Friday 13 January 2012

Schezwan Sauce

From the time we moved to Scotland, we have missed Indian Chinese food a lot. But I never wanted to try it as I felt there's too much prep work involved. After long, I finally decided to try Schezwan Sauce and use it in Fried Rice and Noodles.

Who doesn't like the fiery & delicious Schezwan Sauce that's used to flavour paneer, veggies, chicken, fish, rice and noodles in the Chinese eateries in India? Definitely not anyone who likes their spice. :). This sauce can be used to make starters and gravy dishes.

There are loads of recipes for Schezwan Sauce on the internet.
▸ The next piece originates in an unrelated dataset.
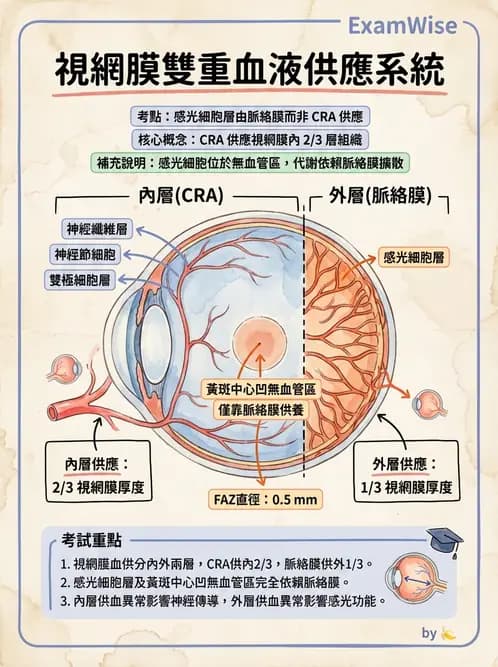 驗光師 - 眼循環系統 - AI 圖文解析預覽
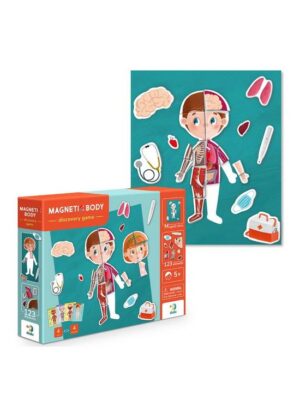 Dodo Magnetic Body Discovery Game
After going through a lot of them, I finally mixed and matched and made my own.

Here's my version:

Makes: About half a cup

Ingredients
12 Dry Red Chillies - soaked in warm water for atleast 2 hours
2 inch Ginger Piece - peeled
15 Garlic Cloves - peeled
1 tsp Soy Sauce
2 tbsp Chilli Sauce
1 tsp Sugar
2 tbsp White / Distilled Vinegar
2 tbsp Oil
Water as needed
Salt to Taste

Method
  1. Grind the Red Chillies, Garlic and Ginger to a fine paste - adding little water if necessary.
  2. Heat Oil in a pan and add the ground paste and fry for 5 minutes - taking care it doesn't burn.
  3. Now add the Chilli Sauce and fry for a minute.
  4. Add the Soy Sauce, Sugar and Salt and fry.
  5. Once the raw smell is gone, add the Vinegar, cook for a few seconds and remove from heat.
  6. Any time in between, if the sauce is getting too dry, keep adding water and mix well.
  7. Once it cools, transfer to an air tight container (preferably a glass jar - I used an old jam bottle for this) and store in the fridge and use as required.
Note: Always use a clean and dry spoon when using the sauce.

Sorry... There's no picutre. Will surely add next time I make it.

Will also update some recipes using this sauce.